There is a reason for this fail rate, and once we understand it, we'll be able to keep our resolutions long enough to make them stick.

The bottom line is that our brains cannot handle New Year’s resolutions when we rely too much on willpower.

The human brain is divided up into sections—each one handling different aspects of brain function. The prefrontal cortex (the part located at the front, behind your forehead) is assigned the tasks of staying focused, handling short-term memory, solving abstract tasks, and using willpower.

Here’s the problem: Part of your brain cannot handle all of those things at the same time. It requires a huge amount of focus and willpower to change a learned behavior overnight, which is what a New Year’s resolution demands.

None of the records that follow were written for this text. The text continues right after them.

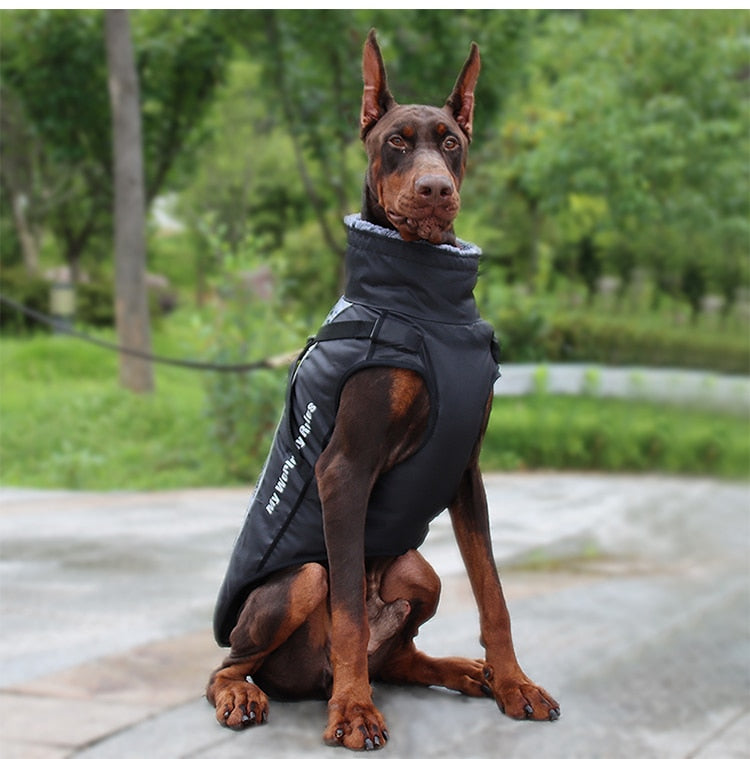 Köpek Yağmurluk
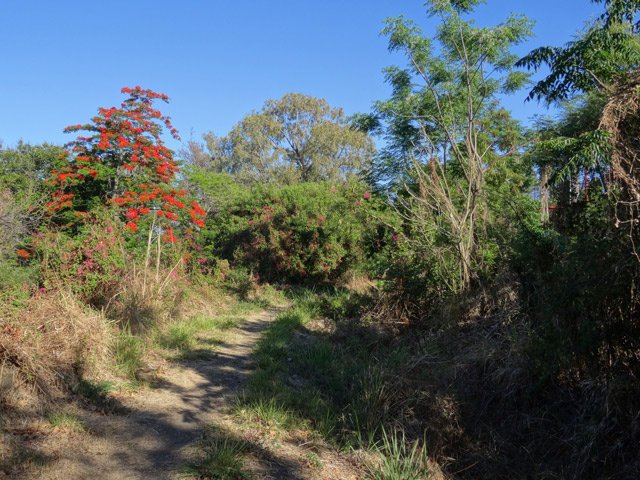 Boucle 2 : Sentier facile et agréable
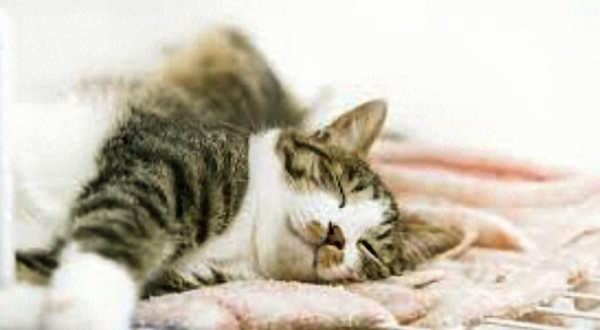 おやすみなさい🌛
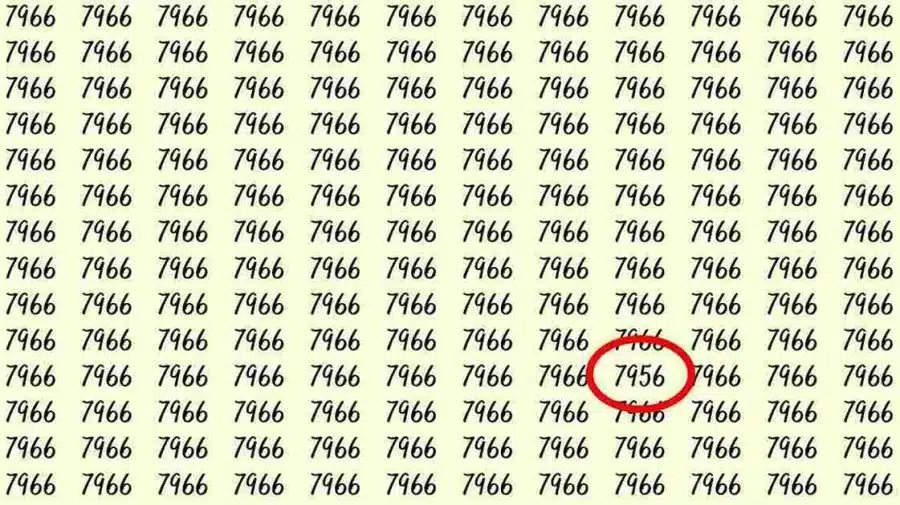 Illusione ottica: Se avessi un paio di occhi d'aquila, riusciresti a trovare 7956 su 7966 in 6 secondi?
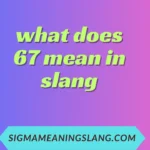 what does 67 mean in slang
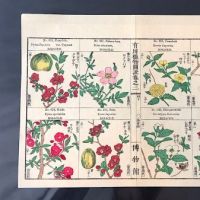 Japanese Herbal Botanical Medical Pages 12.jpg
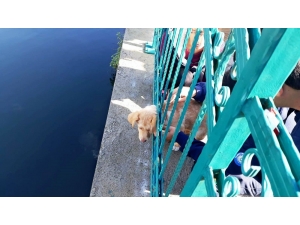 Kafası Demir Korkuluklara Sıkışan Yavru Köpek Kurtarıldı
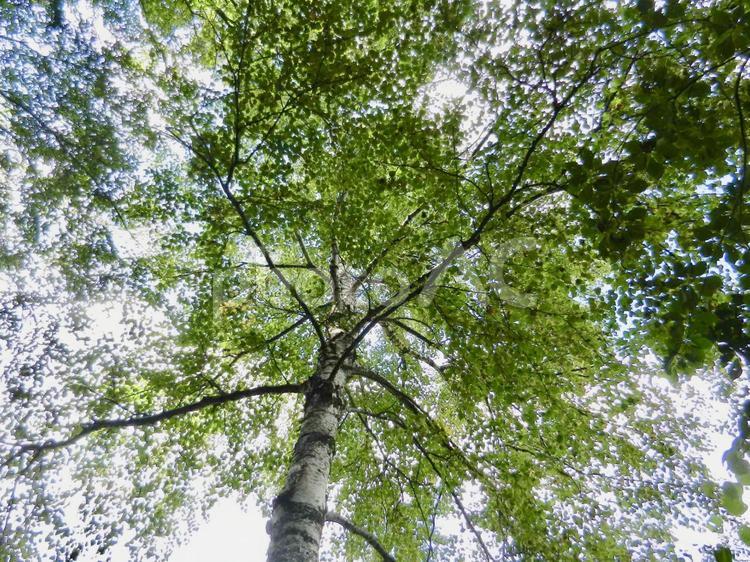 木漏れ日 木,風景,緑の写真素材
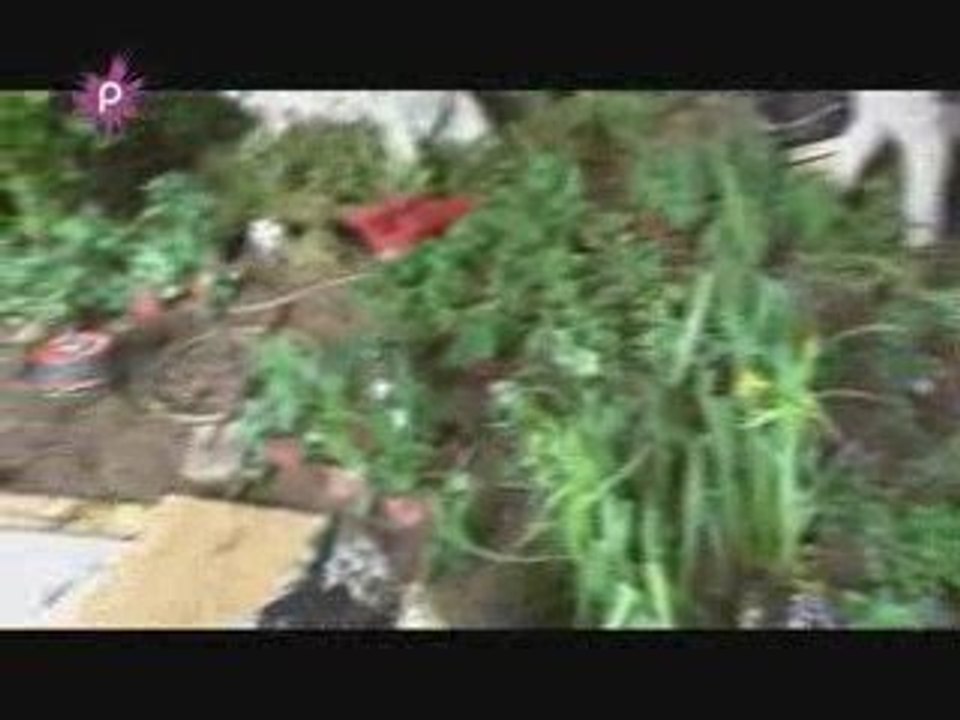 La légende Saint-Martin s’expose aux Floralies de Nantes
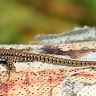 #06326 Lizard (Lacerta muralis)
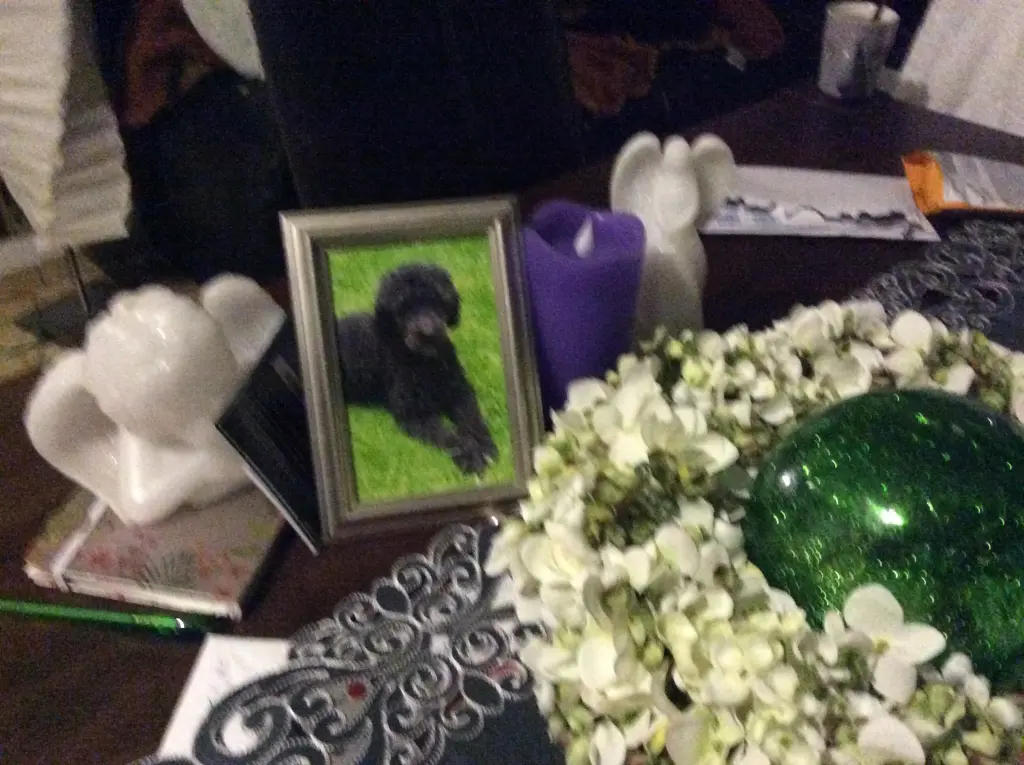 Condolence image of Heidi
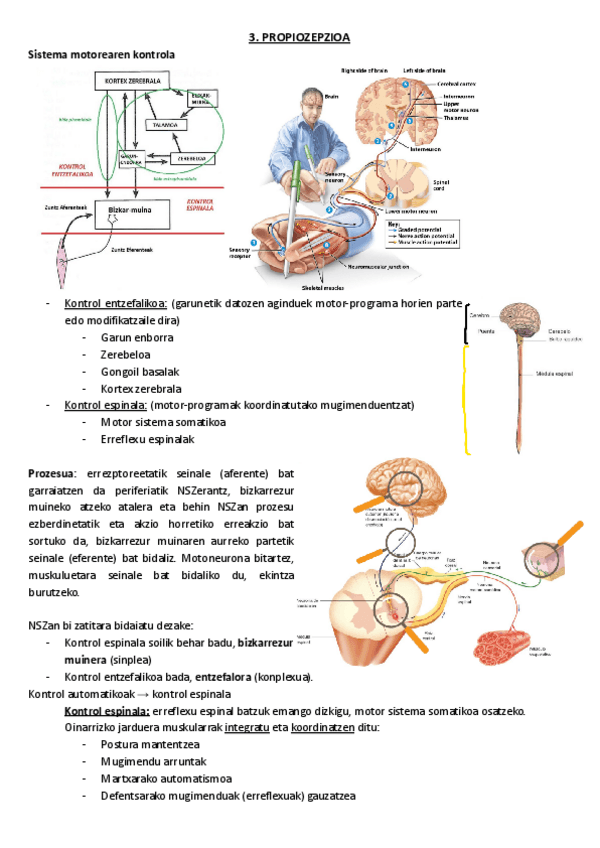 Miniatura del documento 3.-Propiozepzioa.pdf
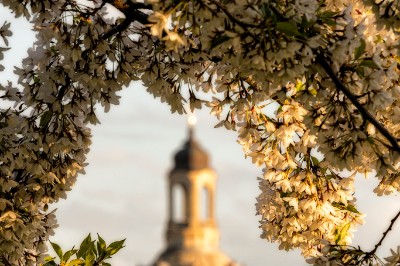 6D_114479_1024 Frauenkirche im Blütenkranz
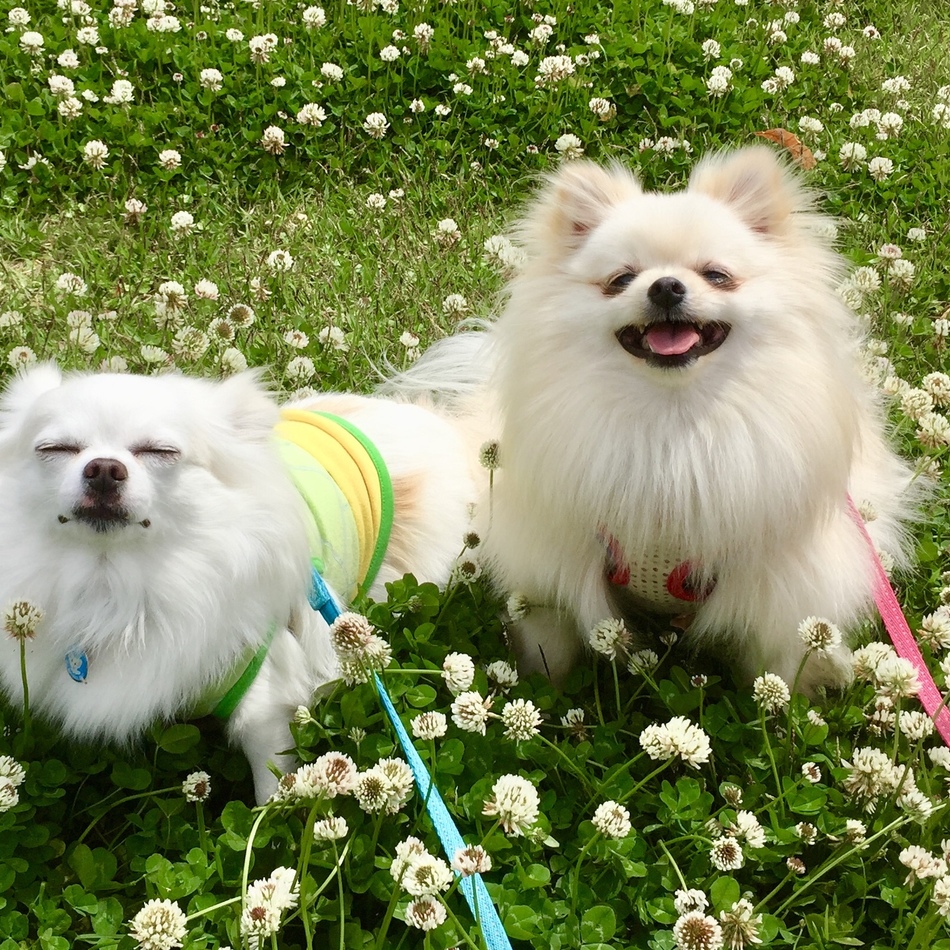 モユのカバー写真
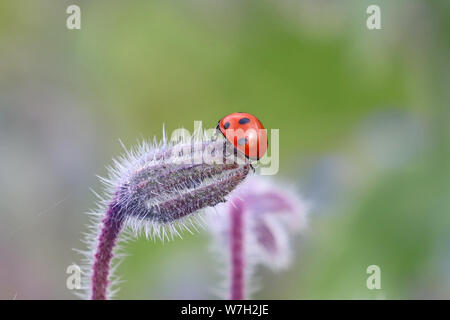 7 spot ladybird on a hairy flower bud Stock Photo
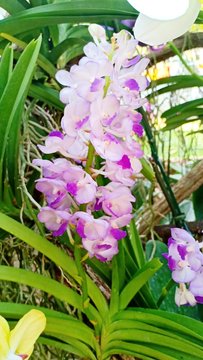 Vanda orchid flower volume 525622256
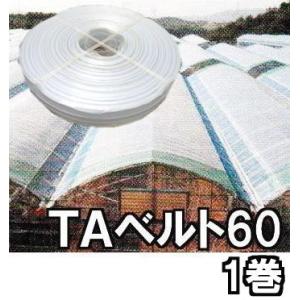 1ケース 400個セット特価) ハウスバンド クルクルバンド 大 ビニール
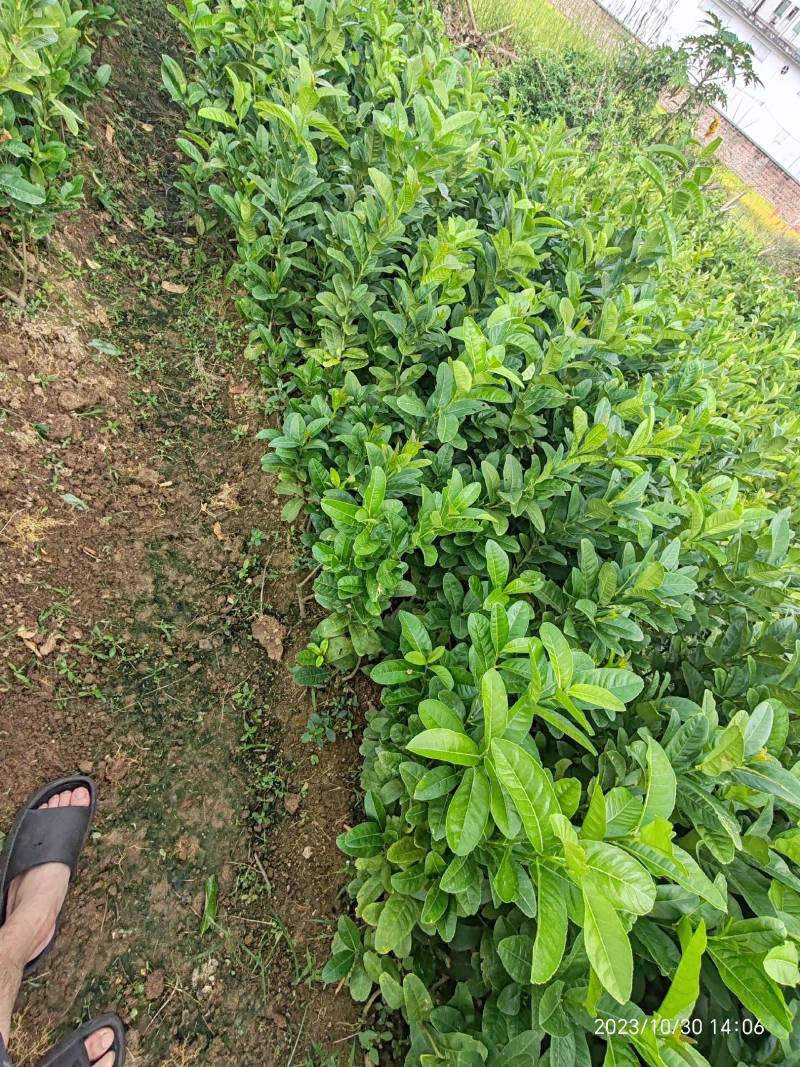 广东种苗，广佛手苗量大从优欢迎实地考察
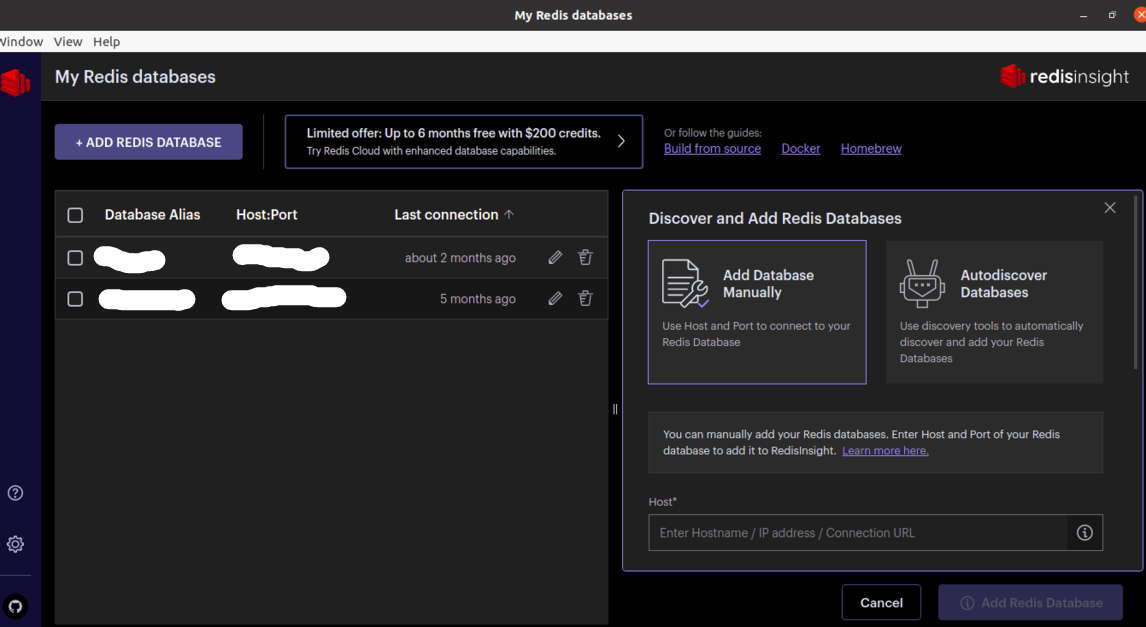 add RedisInsight database connection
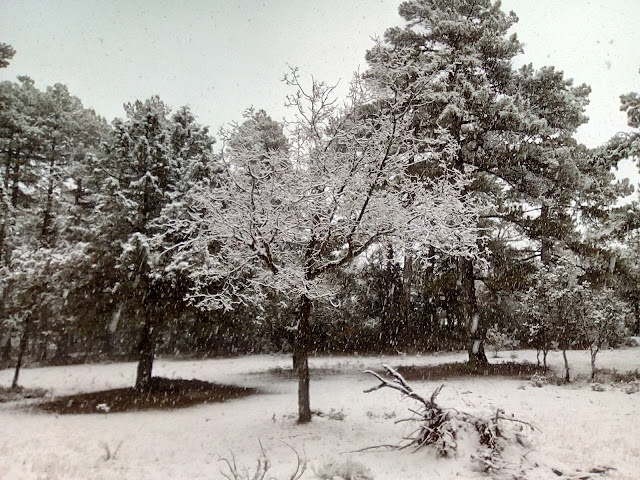 Nevada en Campillos Sierra. Autor: Miguel Alejandro Castillo Moya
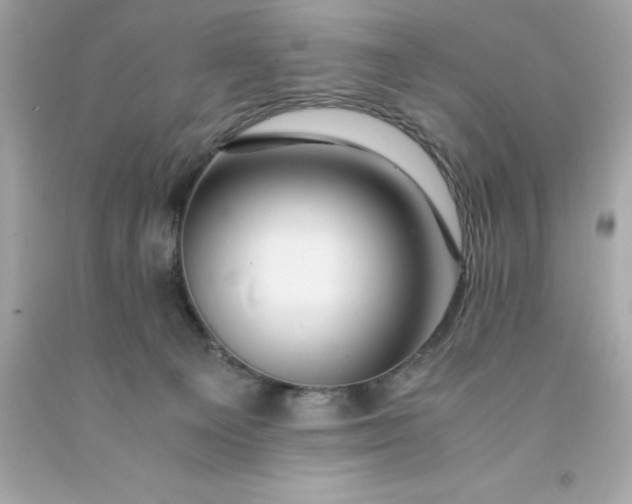 X0000091490129200709061909
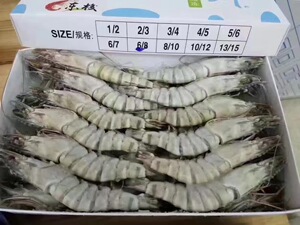 6-8青明虾黑虎虾斑节虾草虾大明虾铁板虾烧烤串水产海鲜冷冻6盒装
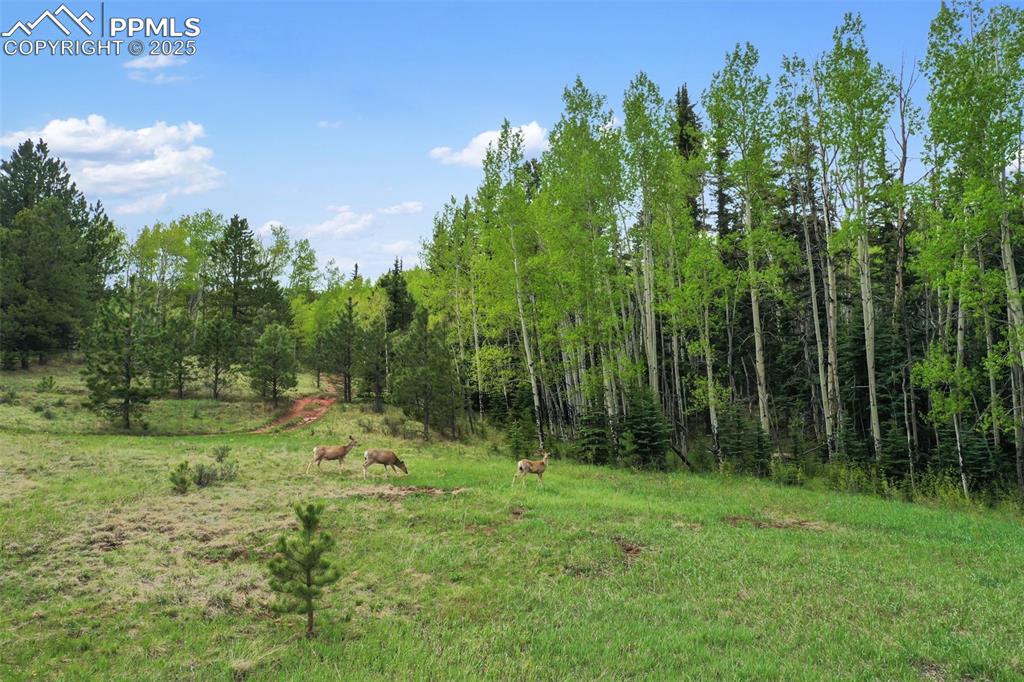 Image 6 of 50: Other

Bad habits are hard to break—and they’re impossible to break if we try to break them all at once. The focus and willpower required are just too much for the human brain. It simply cannot deliver.

The human prefrontal cortex is like a muscle. It has to be trained. If you joined a local gym, you would never dream of starting out lifting a 300-pound barbell on your first session. You'd start with a 2-pound weight for a two-minute session, working up slowly to heavier weights and longer periods of endurance.

Trying to keep a New Year’s resolution to quit smoking or lose a bunch of weight based solely on willpower is expecting your prefrontal cortex to pick up the equivalent of a 300-pound barbell on the first attempt—and to keep doing it for hours on end. It’s just not possible.

Typically, New Year’s resolutions go something like this: I am going to lose 20 pounds; I’m going to get out of debt, stop smoking, get organized, give up sugar, or run two miles a day. Does anything there sound at all familiar? Those are abstract goals that your brain cannot handle? They are too vague.

Here’s the secret for how to make your New Year’s resolution stick: Make the resolution a habit first. And break it down to a tiny habit to start.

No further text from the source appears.